I have been lucky to have a number of such people in my life such as the man pictured here. His name was Hector Romulus Demell. He was a French Canadian whose mother loved the classics. Her children had very remarkable names! I wasn't even a teenager when I met Hector. He was one of those quiet, unassuming people who know how to do everything just because . . . how hard could it be? Hector's family lived in a cabin in the Canadian bush. One day, one of the children had severe pains in her side. Hector's mother got on the radio telephone and called the doctor who was about a day away. She laid her daughter out on the kitchen table, and by the light of a kerosene lantern and long distance guidance from the doctor, extracted her appendix with a kitchen knife.
He could paddle a canoe without dripping on the surface of the water because that would disturb the fish.
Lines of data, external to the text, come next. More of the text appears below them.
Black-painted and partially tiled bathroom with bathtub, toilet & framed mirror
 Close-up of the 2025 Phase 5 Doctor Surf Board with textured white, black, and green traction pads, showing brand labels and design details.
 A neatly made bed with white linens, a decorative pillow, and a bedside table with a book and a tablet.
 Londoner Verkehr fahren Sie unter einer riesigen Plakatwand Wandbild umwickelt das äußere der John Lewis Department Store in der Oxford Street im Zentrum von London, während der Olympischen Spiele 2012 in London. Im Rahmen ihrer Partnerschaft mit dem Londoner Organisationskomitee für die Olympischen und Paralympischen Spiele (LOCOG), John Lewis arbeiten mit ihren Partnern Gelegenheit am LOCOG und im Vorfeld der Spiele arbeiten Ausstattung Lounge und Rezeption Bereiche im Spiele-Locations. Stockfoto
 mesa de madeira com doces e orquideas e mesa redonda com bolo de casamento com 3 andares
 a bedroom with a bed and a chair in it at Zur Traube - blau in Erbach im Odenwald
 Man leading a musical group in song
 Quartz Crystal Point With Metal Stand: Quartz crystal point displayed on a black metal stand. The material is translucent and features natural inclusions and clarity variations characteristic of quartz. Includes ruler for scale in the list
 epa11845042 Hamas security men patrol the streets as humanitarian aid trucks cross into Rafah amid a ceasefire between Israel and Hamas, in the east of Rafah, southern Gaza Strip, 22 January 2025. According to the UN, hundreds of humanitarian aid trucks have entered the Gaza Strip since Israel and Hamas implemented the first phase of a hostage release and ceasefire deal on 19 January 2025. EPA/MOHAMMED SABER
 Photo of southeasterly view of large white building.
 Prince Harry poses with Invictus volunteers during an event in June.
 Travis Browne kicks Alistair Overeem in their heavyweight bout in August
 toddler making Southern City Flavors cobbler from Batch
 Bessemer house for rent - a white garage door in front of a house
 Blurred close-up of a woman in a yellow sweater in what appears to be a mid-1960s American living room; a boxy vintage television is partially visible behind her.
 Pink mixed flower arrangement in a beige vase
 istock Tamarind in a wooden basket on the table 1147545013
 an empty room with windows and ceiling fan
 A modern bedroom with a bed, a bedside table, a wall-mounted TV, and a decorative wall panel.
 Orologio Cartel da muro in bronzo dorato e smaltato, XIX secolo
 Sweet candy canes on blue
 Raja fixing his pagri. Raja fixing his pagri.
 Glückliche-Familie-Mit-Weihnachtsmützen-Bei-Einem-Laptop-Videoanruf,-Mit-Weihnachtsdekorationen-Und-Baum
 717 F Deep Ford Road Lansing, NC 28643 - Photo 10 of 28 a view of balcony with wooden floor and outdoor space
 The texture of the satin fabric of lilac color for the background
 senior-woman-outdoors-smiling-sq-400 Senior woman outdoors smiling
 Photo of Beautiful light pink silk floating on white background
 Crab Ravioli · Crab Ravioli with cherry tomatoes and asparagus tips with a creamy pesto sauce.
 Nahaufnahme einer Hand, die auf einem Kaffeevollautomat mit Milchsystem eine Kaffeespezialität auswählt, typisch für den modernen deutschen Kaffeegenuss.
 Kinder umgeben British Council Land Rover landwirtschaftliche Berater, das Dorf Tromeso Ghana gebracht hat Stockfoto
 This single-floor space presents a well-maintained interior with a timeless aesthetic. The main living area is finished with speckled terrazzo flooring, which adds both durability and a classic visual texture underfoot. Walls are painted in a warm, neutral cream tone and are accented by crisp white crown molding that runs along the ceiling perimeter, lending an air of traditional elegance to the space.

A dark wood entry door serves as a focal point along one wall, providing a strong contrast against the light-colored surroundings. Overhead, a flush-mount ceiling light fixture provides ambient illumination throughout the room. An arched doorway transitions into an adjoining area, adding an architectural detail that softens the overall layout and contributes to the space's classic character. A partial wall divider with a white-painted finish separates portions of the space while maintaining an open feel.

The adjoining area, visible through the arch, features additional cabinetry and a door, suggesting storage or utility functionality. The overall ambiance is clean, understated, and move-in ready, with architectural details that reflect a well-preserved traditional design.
And while he was paddling he rolled and lit a cigarette without losing a beat. He didn't like to eat the trout that he help us catch, but he could cook them over a camp fire so that they would melt in your mouth. He could cook some of the tastiest French pancakes or 'Crepe Suzette' filled with jam and dusted with powered sugar. He could cut down a tree with an axe and drop it on a dime. One night he heard scratching on the roof of his cabin, and went out to find a bear sitting there. Bear meat can be tasty, he told me. I don't know why he just didn't talk the bear down!
My grandfather built a house in the woods by the side of the lake. You could only get to it by walking or by boat. When the house was built, he decided that he needed a basement underneath it for a cold cellar to store stuff since there was no electricity. He and Hector got some dynamite and blew the rock out from underneath the house without disturbing anything or killing themselves in the process.
I always thought of Hector as one of those people inherently knew the meaning of life and the essence of the natural order. He didn't talk about it or brag about it. He just lived it. The way it should be lived.